Annan’s resolve permeates to the end
WHEN former UN secretary-general Kofi Annan travelled to Zimbabwe last month alongside members of The Elders to assess the country’s readiness for its general elections, he showed signs of illhealth.
“He looked sickly and seemed to have lost a bit of weight but nonetheless, he soldiered on and appeared determined to continue with business as usual,” an observer who was in the country at the time said.
Annan, a co-founder of The Elders, an organisation of global leaders launched by former president Nelson Mandela 11 years ago, died yesterday morning in Bern, Switzerland following a short illness.
According to a statement released by his Foundation, Annan, 80, died peacefully with his wife Nane Maria Annan and their three children by his side.
Annan was a “global statesman and a deeply committed internationalist who fought through his entire life for a fair and peaceful world”.
The Foundation said events that would celebrate Annan’s life would be announced later.
During his last days, Annan is believed to have travelled to South Africa and Swaziland.
As tributes for the Nobel Peace Laureate continue to pour in, those who have lauded him for his astute leadership and achievements include UN secretary-general António Guterres, who described Annan as “a guiding force for good”.
Former UK prime minister Gordon Brown described him as “a titan amongst world statesman, a wonderful humanitarian and the most compassionate and caring of individuals”.
Annan was born in Kumasi, Ghana in 1938 and became the first black person to hold the high-profile position at the UN.
Yesterday, those from his home country extolled him for the role he played in inspiring young men and women of that country.
“He brought considerable renown to our country by this position (UN secretary-general) and through his conduct and comportment in the global arena.
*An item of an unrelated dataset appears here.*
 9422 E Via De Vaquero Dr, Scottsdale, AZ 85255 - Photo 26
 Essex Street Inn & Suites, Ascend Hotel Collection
He was an ardent believer in the capacity of the Ghanaians to chart his or her own course onto the path of progress and prosperity,” Ghanaian President Nana Akufo-Addo said.
Back in South Africa where Annan delivered the Nelson Mandela Annual Lecture in 2007, President Cyril Ramaphosa and parties in Parliament described his death as a loss to the world and humanity.
Ramaphosa said the influential leader would be remembered for his role at the UN.